= Beginning of Section =
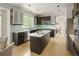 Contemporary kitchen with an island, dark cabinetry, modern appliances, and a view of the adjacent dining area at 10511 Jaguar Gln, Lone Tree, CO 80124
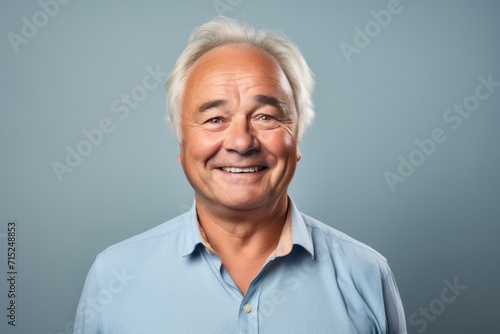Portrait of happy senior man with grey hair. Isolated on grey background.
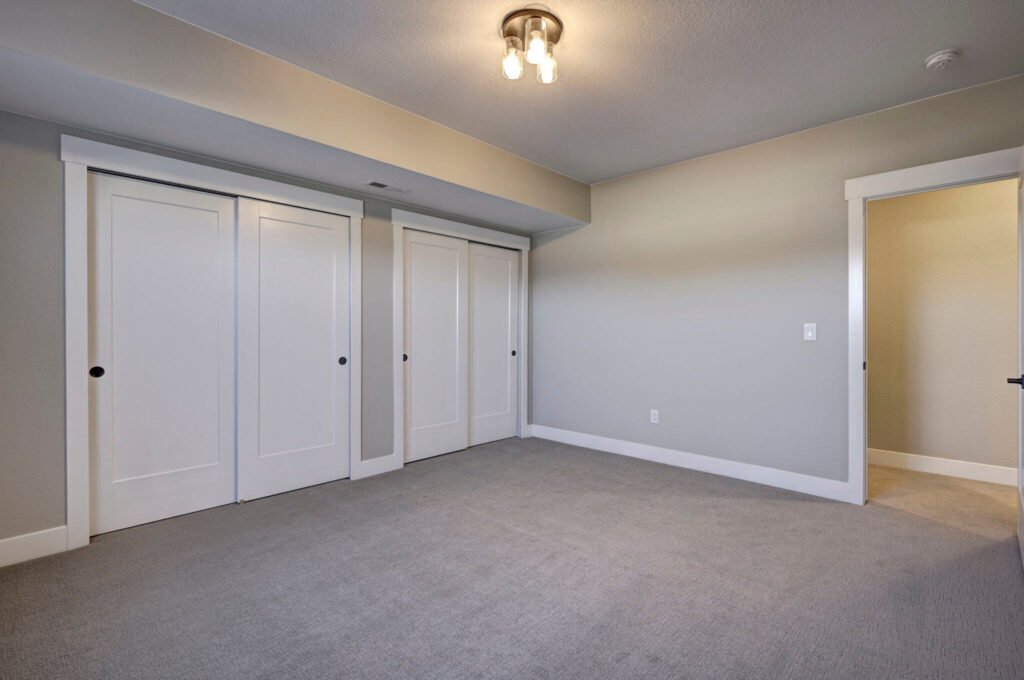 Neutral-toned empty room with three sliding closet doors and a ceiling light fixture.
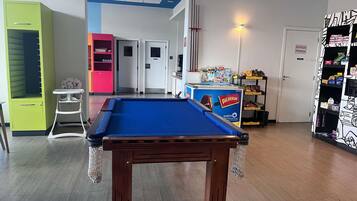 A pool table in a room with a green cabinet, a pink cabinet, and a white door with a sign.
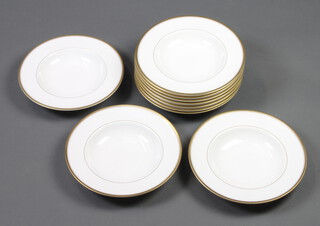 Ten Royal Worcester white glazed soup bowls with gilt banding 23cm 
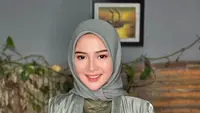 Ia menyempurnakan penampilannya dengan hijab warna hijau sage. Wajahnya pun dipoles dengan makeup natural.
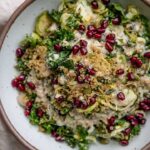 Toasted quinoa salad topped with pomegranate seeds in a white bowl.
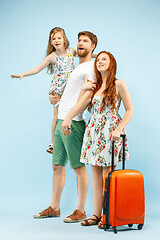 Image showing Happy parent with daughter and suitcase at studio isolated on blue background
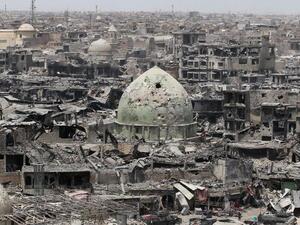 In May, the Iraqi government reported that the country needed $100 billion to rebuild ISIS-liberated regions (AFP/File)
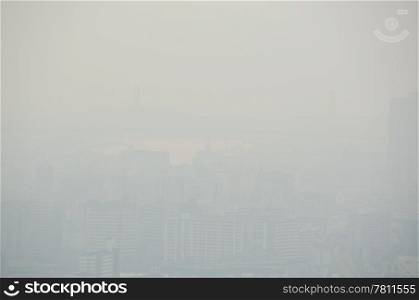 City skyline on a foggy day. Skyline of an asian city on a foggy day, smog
= End of Section =
= Beginning of Section =
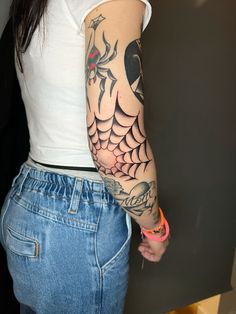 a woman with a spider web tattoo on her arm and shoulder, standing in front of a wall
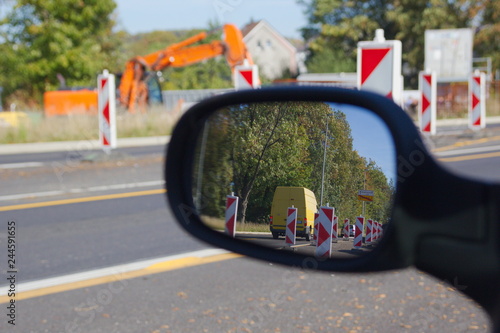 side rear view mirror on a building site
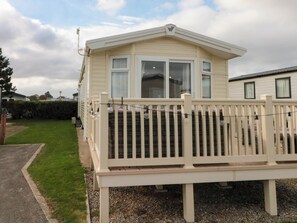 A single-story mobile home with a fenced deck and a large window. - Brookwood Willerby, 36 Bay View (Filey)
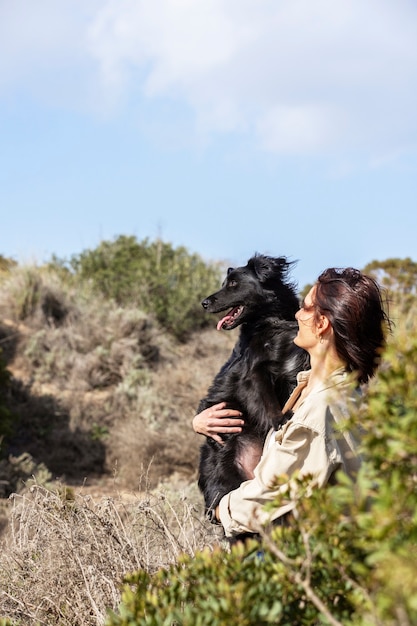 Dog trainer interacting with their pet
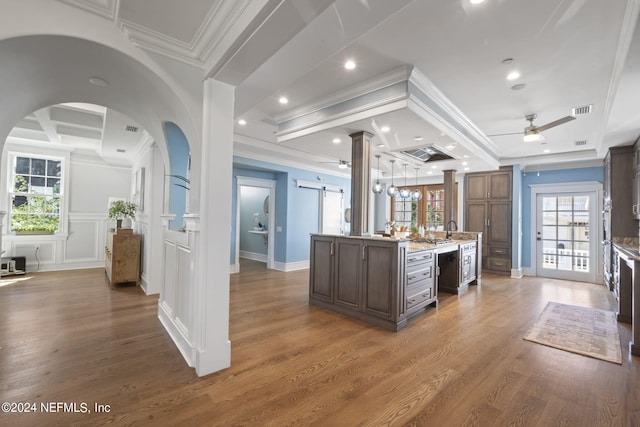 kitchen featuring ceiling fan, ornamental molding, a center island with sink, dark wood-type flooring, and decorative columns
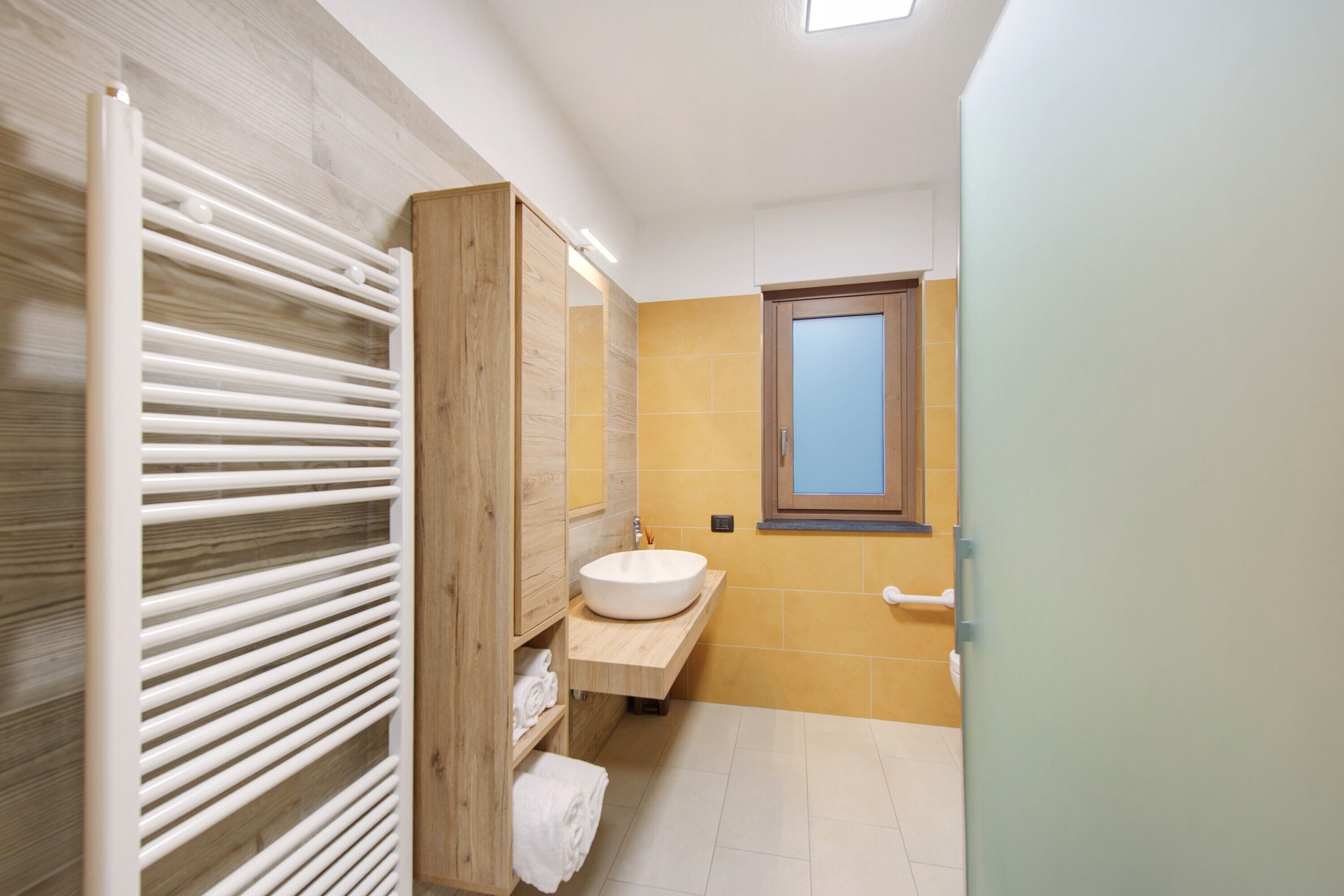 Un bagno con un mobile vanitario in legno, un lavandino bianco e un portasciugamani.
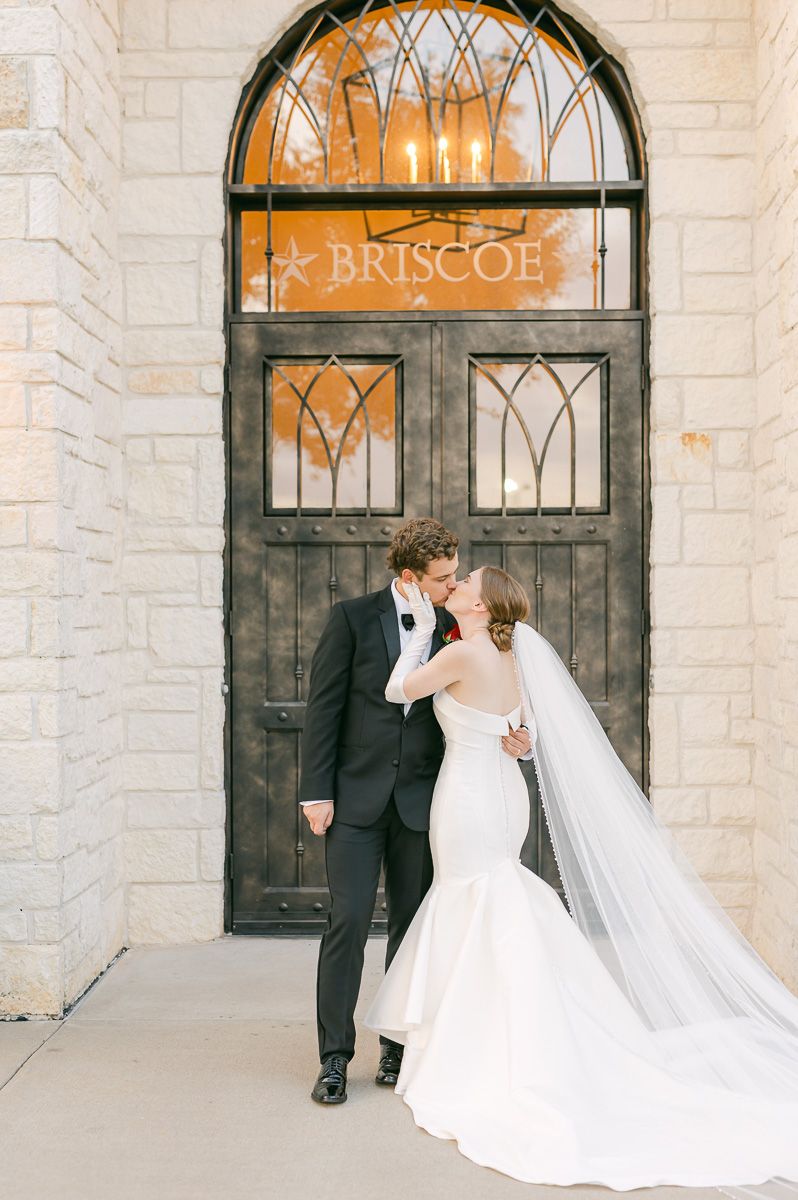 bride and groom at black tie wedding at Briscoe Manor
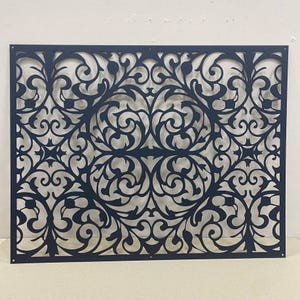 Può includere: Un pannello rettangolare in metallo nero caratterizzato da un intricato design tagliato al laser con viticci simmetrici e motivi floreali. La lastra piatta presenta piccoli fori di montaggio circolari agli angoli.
= End of Section =
= Beginning of Section =
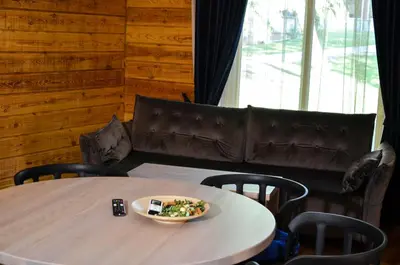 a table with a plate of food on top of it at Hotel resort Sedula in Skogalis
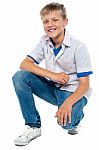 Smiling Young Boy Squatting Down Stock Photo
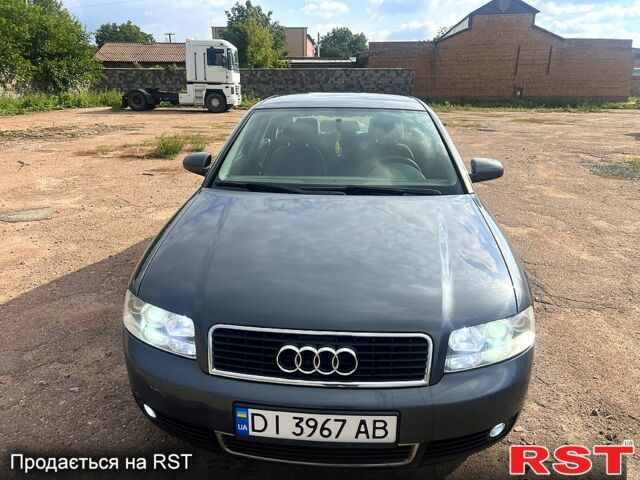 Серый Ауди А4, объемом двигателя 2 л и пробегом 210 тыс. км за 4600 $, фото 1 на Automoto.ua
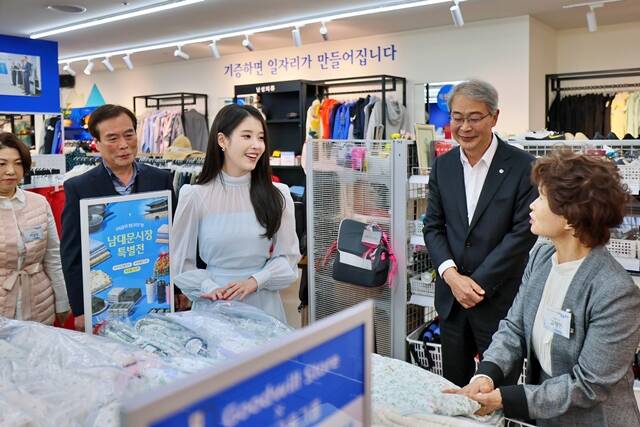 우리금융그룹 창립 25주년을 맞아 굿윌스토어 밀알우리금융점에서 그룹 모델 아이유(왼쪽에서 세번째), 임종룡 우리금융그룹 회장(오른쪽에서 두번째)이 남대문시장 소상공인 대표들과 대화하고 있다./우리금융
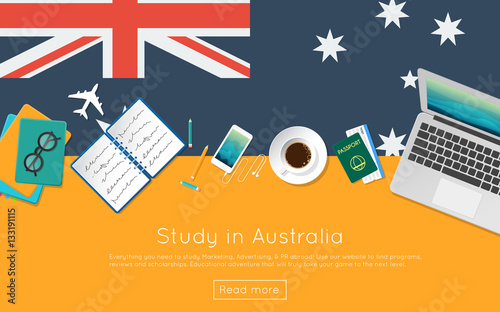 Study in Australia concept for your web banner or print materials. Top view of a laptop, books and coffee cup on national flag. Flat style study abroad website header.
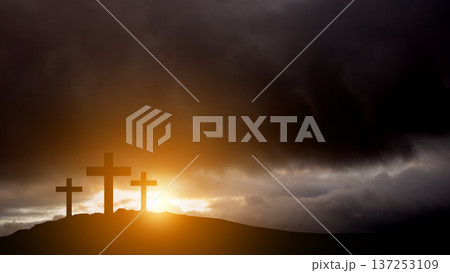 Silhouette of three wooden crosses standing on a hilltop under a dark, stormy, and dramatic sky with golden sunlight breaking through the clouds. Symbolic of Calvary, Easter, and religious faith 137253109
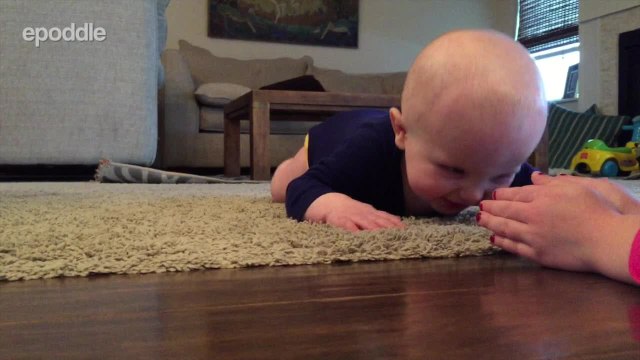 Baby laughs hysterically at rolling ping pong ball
= End of Section =
TASK ITEM: Within the entries above, the lines from the one containing "Contemporary kitchen with" through the one containing "A pool table" are to be transcribed exactly, ends included, pictures excluded.

SOLUTION TO THE EXERCISE:
 Contemporary kitchen with an island, dark cabinetry, modern appliances, and a view of the adjacent dining area at 10511 Jaguar Gln, Lone Tree, CO 80124
Portrait of happy senior man with grey hair. Isolated on grey background.
 Neutral-toned empty room with three sliding closet doors and a ceiling light fixture.
 A pool table in a room with a green cabinet, a pink cabinet, and a white door with a sign.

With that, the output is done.